My favorite story about Jack White was that while he was an upholsterer in Detroit, many years before he was cranking out riffs on his favorite axe from Montgomery Ward, he would write poems and stick them underneath the furniture he was fixing. So somewhere out there, White Stripes fans, White’s odes are hidden deep within random people’s houses. I would love to read them and see the mindset of White, back in the day, at a time when he was dedicated to the art of upholstery.
I would love to know what has been in Jack White’s creative head recently. Yeah we all know about his personal life but music wise, I must say that I liked their last release Elephant but didn’t love it like their breakout album White Blood Cells. Although I loved “Seven Nation Army” and a few other tracks, I was disappointed with the album. It sounded only like more of the same. That guitar and drum rock sound that’s been flooding the mainstream with such a formidable force, now seems redundant. I just needed to hear something new and different, not more of the same bangs and riffs. But in reality no one does it like the White Stripes. People may try to emulate them but they are the OGs.
I wasn’t really looking forward to hearing Satan, but being a Detroit native, it’s in my nature to get behind any artist that hails from the great state of Michigan. That being said, when I first played the new White Stripes album, I was more than surprised—blown away is the word I like to use. This is the album that I have been waiting Jack & Meg White to make since White Blood Cells.
What do I love about it, the piano; Jack White plays the keys like a man possessed. I have always been a fan of the keys, especially by artists such as Mike Garson, who’s played with Bowie and NIN, and Buena Vista Social Club’s Ruben Gonzalez. The piano sound on Satan dominates the album, more so than White’s guitar. It’s as if Jack put down his axe and was determined to make an album of piano-based blues. Check out “My Doorbell,” the way that Jack plays those keys sounds as if he’s in some saloon in the wild, wild west. All I can say is thank you for this Mr. White for such a dramatic and killer sound.
Jack must have been inspired with his parts in the movie Cold Mountain and producing Loretta Lynn’s Van Lear Rose, because the sound is more eclectic, southern and purely electrifying. Just listen to my favorite track, “The Nurse.” It has a calypso vibe and in between the tropical sound you hear Jack wailing away on his guitar and Meg smashing her drums like never before. The star of the show to me is still Meg White, the coolest and sexiest drummer on the planet. Her percussion soars to new heights on this album. She’s not only the back beat but the back bone to the band. Even Jack would attest without Meg there would be no White Stripes.

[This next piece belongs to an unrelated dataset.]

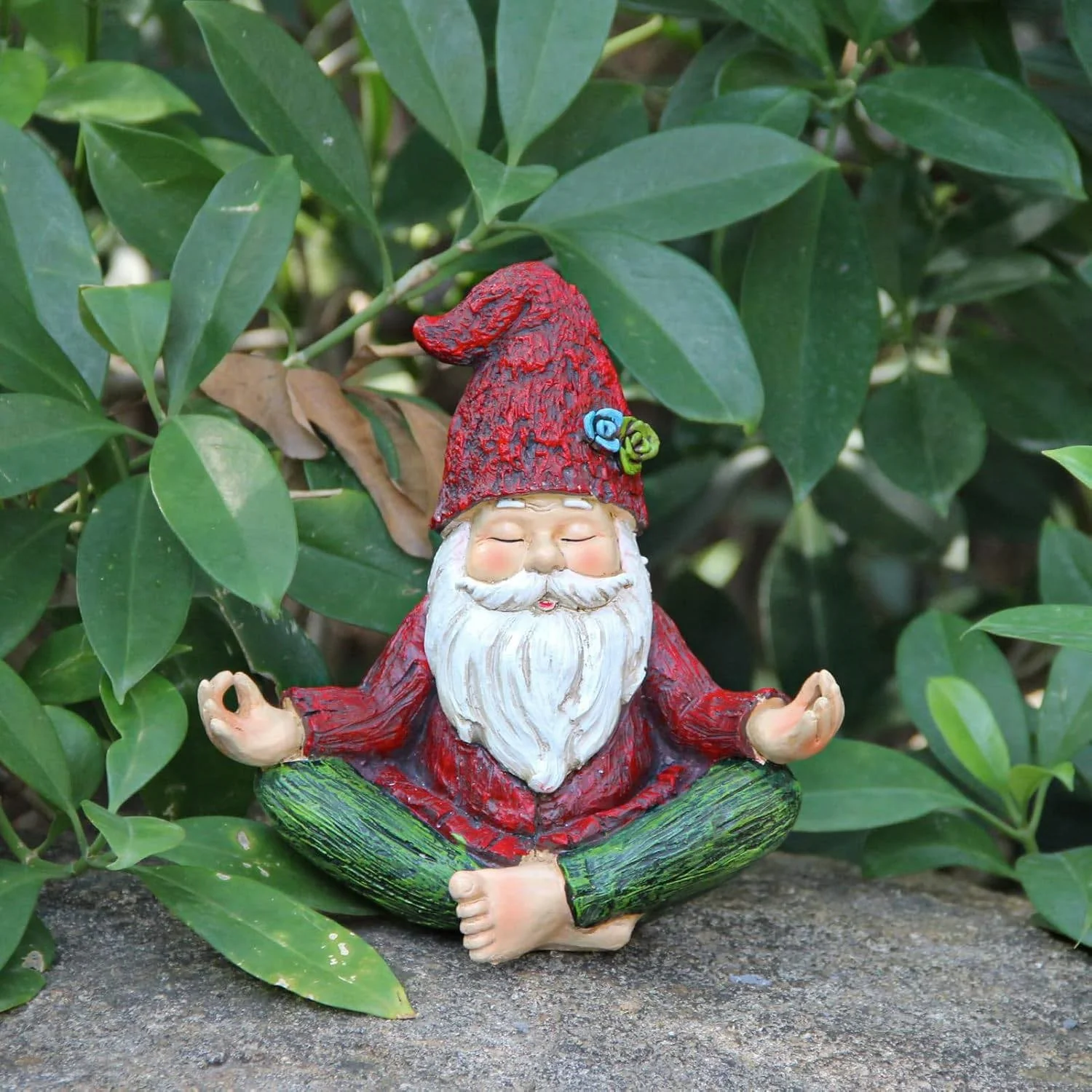 Zen Garden Meditating Yoga Solar Gnome Statue - Image 2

After hearing Satan, no one can accuse The White Stripes of trying to mold their style for an MOR sound. On the contrary, they go down the other road with a more experimental vibe that makes Satan one of the most underrated releases of the 2005. You could tell that White’s been listening to lots o’ Led Zeppelin because some of the tracks like the acoustic “Little Ghost” and the electric “Take Take Take” sound like they could have fit perfectly on Physical Graffiti. Yes, Jack is doing his best Robert Plant with his own Detroit bluesy style. It’s more of an ode to Plant and Zep — I bet you even Jimmy Page will name Satan one of his fave albums of the year.
So if you’re looking for an album that will not only rock you but enlighteningly challenge you to redefine the sound that is the White Stripes then Get Behind Me Satan is the album for you. Hanging with the devil never sounded this good.